• **DATA SHOWN**:
▬▬▬▬▬▬

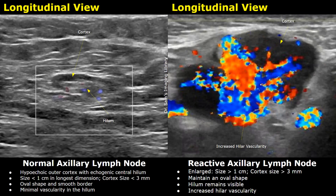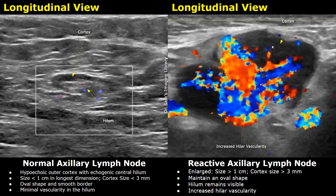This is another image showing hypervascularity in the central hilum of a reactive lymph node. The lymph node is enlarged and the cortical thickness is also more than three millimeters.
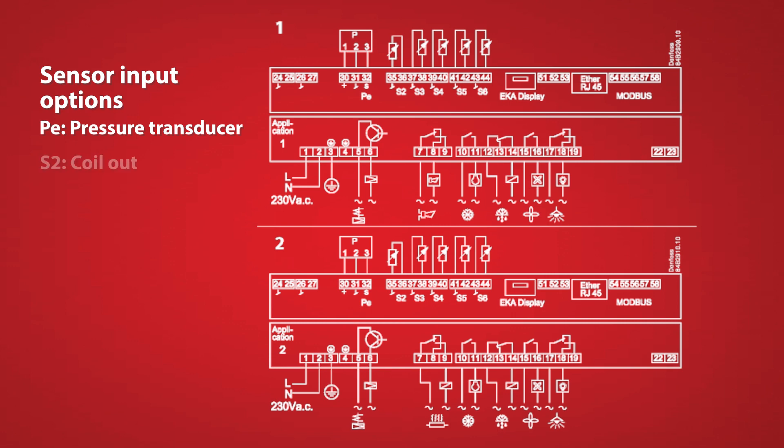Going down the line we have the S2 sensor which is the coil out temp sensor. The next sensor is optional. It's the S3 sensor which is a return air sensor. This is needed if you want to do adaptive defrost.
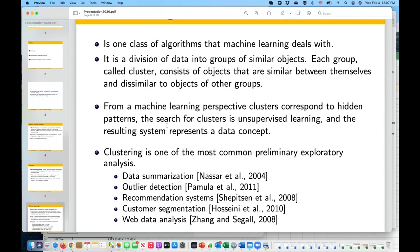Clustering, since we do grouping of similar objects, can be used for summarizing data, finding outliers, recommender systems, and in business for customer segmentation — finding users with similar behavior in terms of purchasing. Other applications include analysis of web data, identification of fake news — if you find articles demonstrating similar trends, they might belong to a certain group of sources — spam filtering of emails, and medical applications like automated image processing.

▬▬▬▬▬▬

• **TASK REQUIREMENTS**: Once the pictures are removed, repeat all of the data above exactly.

• **RESULT OF THE TASK**:
This is another image showing hypervascularity in the central hilum of a reactive lymph node. The lymph node is enlarged and the cortical thickness is also more than three millimeters.
Going down the line we have the S2 sensor which is the coil out temp sensor. The next sensor is optional. It's the S3 sensor which is a return air sensor. This is needed if you want to do adaptive defrost.
Clustering, since we do grouping of similar objects, can be used for summarizing data, finding outliers, recommender systems, and in business for customer segmentation — finding users with similar behavior in terms of purchasing. Other applications include analysis of web data, identification of fake news — if you find articles demonstrating similar trends, they might belong to a certain group of sources — spam filtering of emails, and medical applications like automated image processing.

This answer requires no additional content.